Restricted choice parameter

This type of parameters has a limited set of valid choices, causing errors if selections fall outside this predefined list.

  • dtype

    The data type in torch, default is float32.

  • equation

    The wave equation used for modeling. All implemented wave equations are stored in seistorch/equations. For example, when set to equation: acoustic, it will call the functions from the file with the same name, acoustic.py for both forward and inversion.

  • geom->source_type and geom->receiver_type

    The source_type parameter specifies the type of seismic source, which determines the wavefield component where the source wavelet is loaded. This parameter allows you to control how the source wavelet influences the simulation.

    The receiver_type parameter specifies the type of seismic receiver, which determines the wavefield component that will be recorded and used for analysis.

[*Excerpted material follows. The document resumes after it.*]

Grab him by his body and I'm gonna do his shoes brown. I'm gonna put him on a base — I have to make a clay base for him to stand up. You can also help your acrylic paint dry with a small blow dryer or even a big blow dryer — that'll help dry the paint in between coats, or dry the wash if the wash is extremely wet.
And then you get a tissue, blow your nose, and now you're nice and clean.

    The source_type and receiver_type can be a list from the valid wavefield names of the class Wavefield in seistorch/eqconfigure.py

    Example: In elastic modeling, if you want to load the seismic source into the txx and tzz components, and record the velocity components, you can configure it as follows.

    equation: elastic
    
    source_type:
      - txx
      - tzz
    
    receiver_type:
      - vx
      - vz
    
  • geom->boundary->type

    Valid options are habc and pml. Please note that the habc only valid for second-order acoustic equations.

Scalar parameters

  • seed

    The seed is the seed value used in a random process and can be employed to reproduce an experiment or random outcome.

  • training->batch_size

    See Boolean paramters training->minibatch and training->batch_size.

  • training->N_epochs

    The number of epochs in each scale.

  • training->lr

    The initial learning rate of the optimizer.

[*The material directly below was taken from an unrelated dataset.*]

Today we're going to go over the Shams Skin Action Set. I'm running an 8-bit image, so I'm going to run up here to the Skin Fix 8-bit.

  • training->scale_decay and training->lr_decay

    The parameter scale_decay represents the decay rate of the learning rate across different scales, while lr_decay refers to the exponential decay rate of the learning rate within each scale.

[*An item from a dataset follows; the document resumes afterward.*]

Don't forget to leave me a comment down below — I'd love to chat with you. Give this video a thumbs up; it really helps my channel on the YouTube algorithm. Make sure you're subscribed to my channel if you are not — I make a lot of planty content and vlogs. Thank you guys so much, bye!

    In the $i_{th}$ epoch of the $n_{th}$ frequency band, the learning rate is given by:

    $$lr(n, i)=(lr_init^{scale_decay})^{lr_decay}$$

  • training->filter_ord

    The order of the filter. Recommand value: from 1 to 4.

  • training->smooth

    Seistorch use scipy.ndimage.gaussian_filter to smooth the gradients before calling optimizer.step().

    smooth:
      counts: 10 # should be int, indictes the times for smooth
      radius: # radius of the gaussian kernel in x and z direction.
        x: 5
        z: 10
      sigma: # sigma of the gaussian kernel in x and z direction.
        x:
        z:
    
  • geom->wavelet_delay

    The delay of the ricker wavelet.

  • geom->multiscale

    The parameter multiscale specifies the dominant frequency for each scale in a multi-scale inversion. A low pass filter is used for each scale. A keyword all will use the original data and original wavelet for inversion.

    Example:

    geom:
      multiscale:
        - - 1.0
          - 3.0
        - 5.0
        - all
    
  • geom->dt

    The parameter dt represents the time interval or time step used in simulations, and it can also be the time interval between samples of a source wavelet.

  • geom->nt

    The number of the time samples for simulation and recording.

  • geom->fm

    The dominant frequency of the ricker wave. Only works when the paramter wavelet leaves blank.

  • geom->h

    The grid size in both x and z directions.

  • geom->Nshots

    The number of the shots for forward modeling. This parameter can be bigger than the length of the source list and receivers list defined in geom->sources and geom->receivers.

    The actual number of shots simulated is determined as the minimum value between Nshots and the length of the sources list. This ensures that the number of simulated shots does not exceed the available seismic source data.

    $$actual_shots=min(Nshots, len(sources))$$

  • geom->boundary->bwidth

    The width of the absorbing boundary conditions.